## Directions for this task
Find the line with "Our Lady Peace" and the line with "Kuliferdo - slovné" in the entries below; output exactly those two lines, every line between them, and no others.

## Data listing
----------------

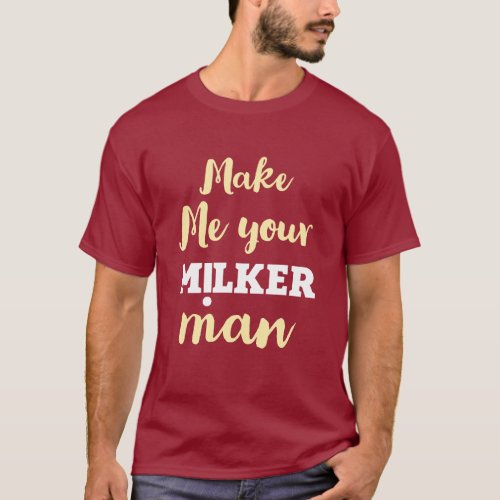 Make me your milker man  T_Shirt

----------------

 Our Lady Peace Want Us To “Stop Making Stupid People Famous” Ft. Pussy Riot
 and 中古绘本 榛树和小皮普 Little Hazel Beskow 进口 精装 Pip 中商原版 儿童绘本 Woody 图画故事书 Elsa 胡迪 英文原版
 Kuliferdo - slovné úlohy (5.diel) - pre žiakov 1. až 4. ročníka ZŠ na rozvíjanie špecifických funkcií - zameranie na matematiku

----------------

## Task response
 Our Lady Peace Want Us To “Stop Making Stupid People Famous” Ft. Pussy Riot
 and 中古绘本 榛树和小皮普 Little Hazel Beskow 进口 精装 Pip 中商原版 儿童绘本 Woody 图画故事书 Elsa 胡迪 英文原版
 Kuliferdo - slovné úlohy (5.diel) - pre žiakov 1. až 4. ročníka ZŠ na rozvíjanie špecifických funkcií - zameranie na matematiku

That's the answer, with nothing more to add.